* [The problem] Could you transcribe exactly the lines from the one containing "大盤解説を行う藩美玲さん（左）と潘善琪八段＝26日午後、日光市安川町" through the end of the listing below, both included, but none of the pictures?

START Entries provided

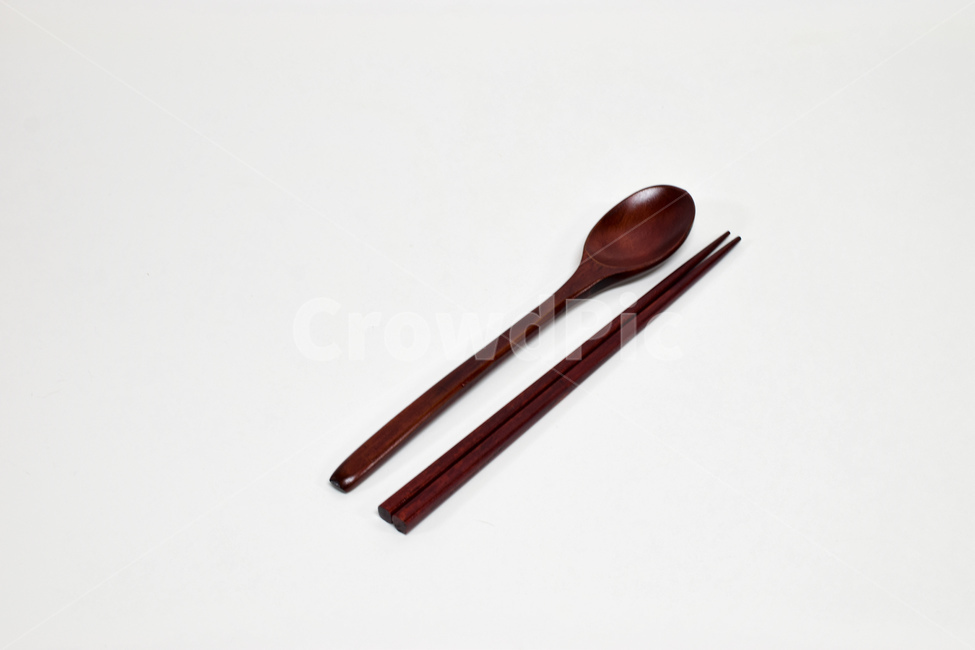 숟가락,젓가락,옻,배경,흰색,나무,스푼,오브젝트,세트,식기,전통,한국,선물,목공,사물,물건,오브젝트,thing,object,matter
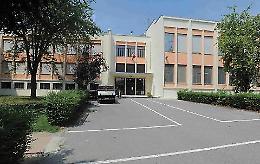 Diotti. Spogliatoi femminili imbrattati: sospesa l’attività motoria in palestra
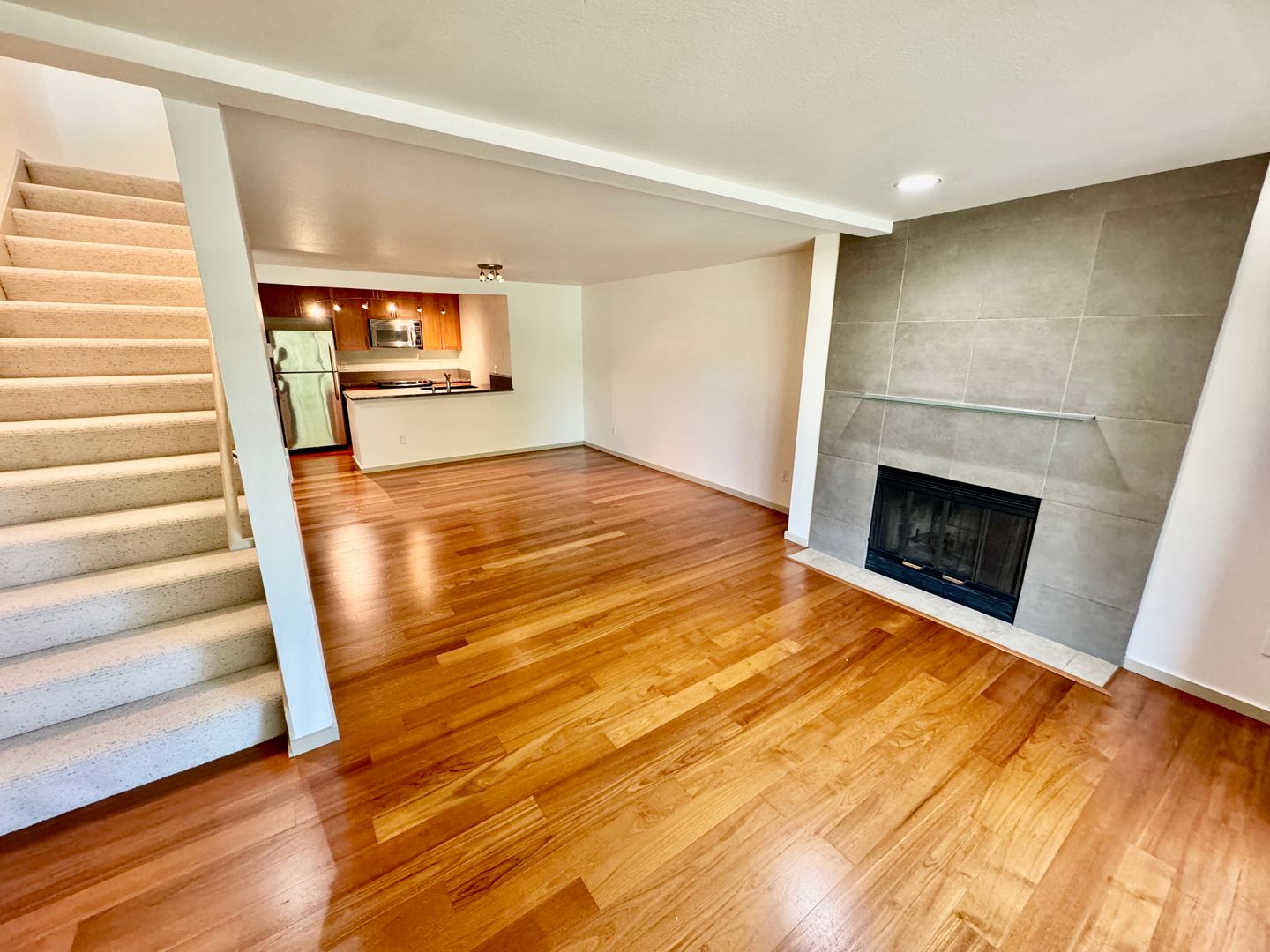 Seattle Condo: 2145 Dexter Ave N #103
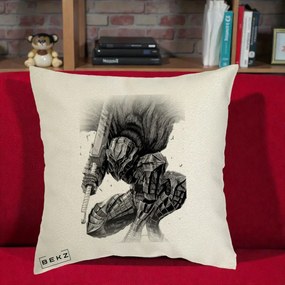 Perna Personalizata Berserk Guts Armor of Darkness Manga, 40x40 cm, Ecru, Husa Detasabila, Perna Inclusa, BEKZ®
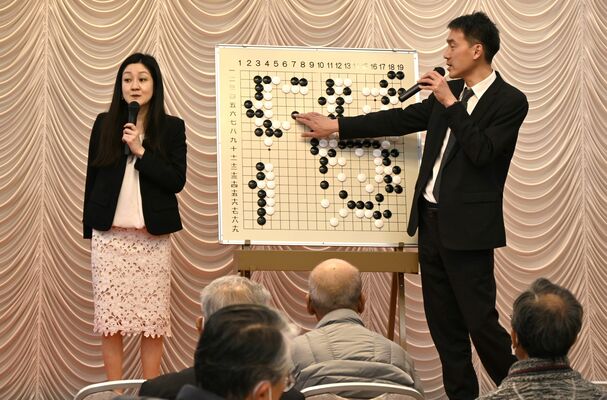 大盤解説を行う藩美玲さん（左）と潘善琪八段＝26日午後、日光市安川町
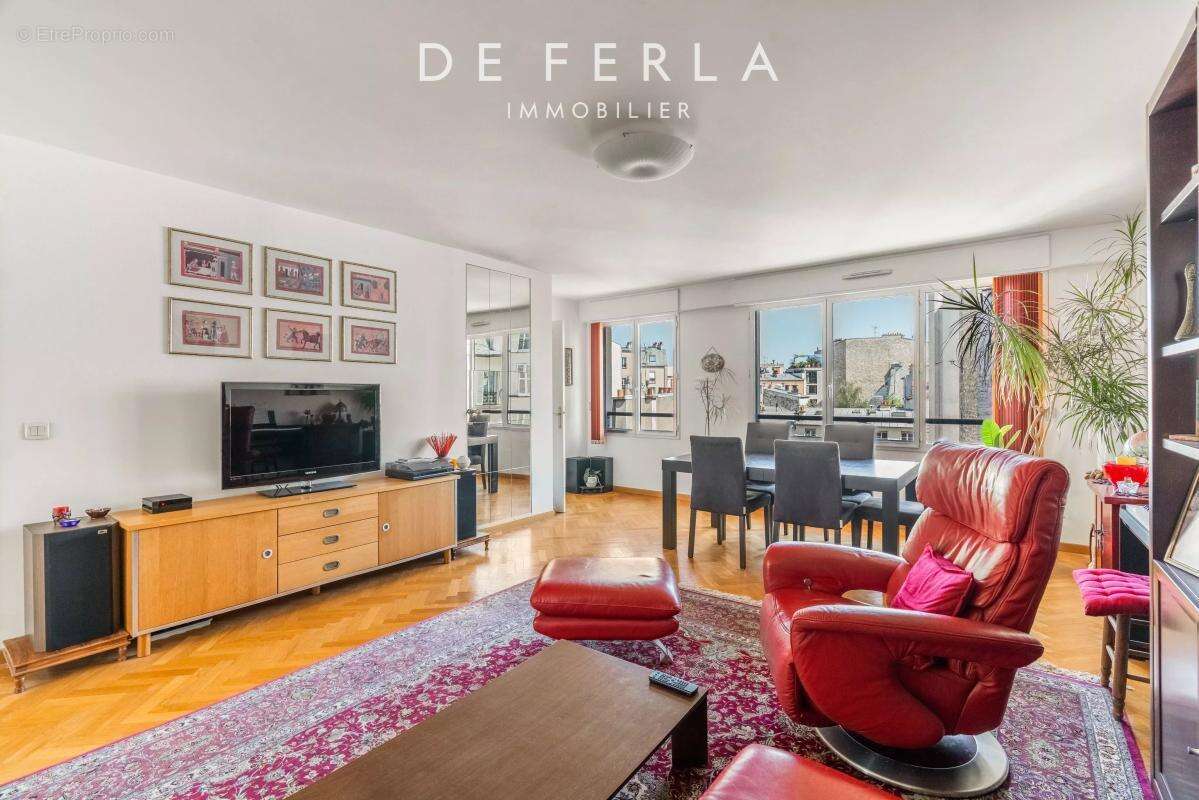 Appartement à PARIS-14E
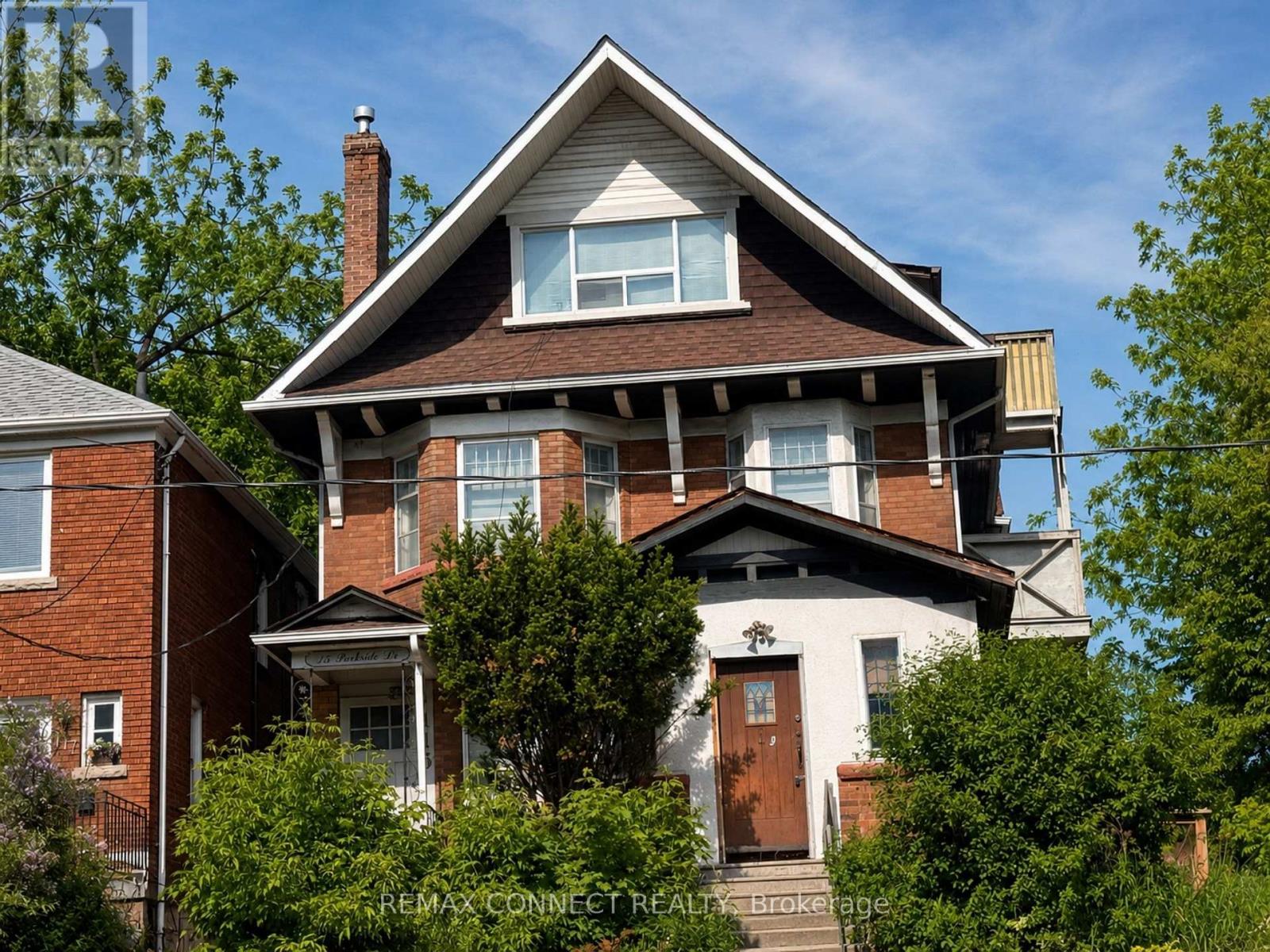 115 Parkside Drive Property Photo 4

END Entries provided

* [Exercise output]
 大盤解説を行う藩美玲さん（左）と潘善琪八段＝26日午後、日光市安川町
 Appartement à PARIS-14E
 115 Parkside Drive Property Photo 4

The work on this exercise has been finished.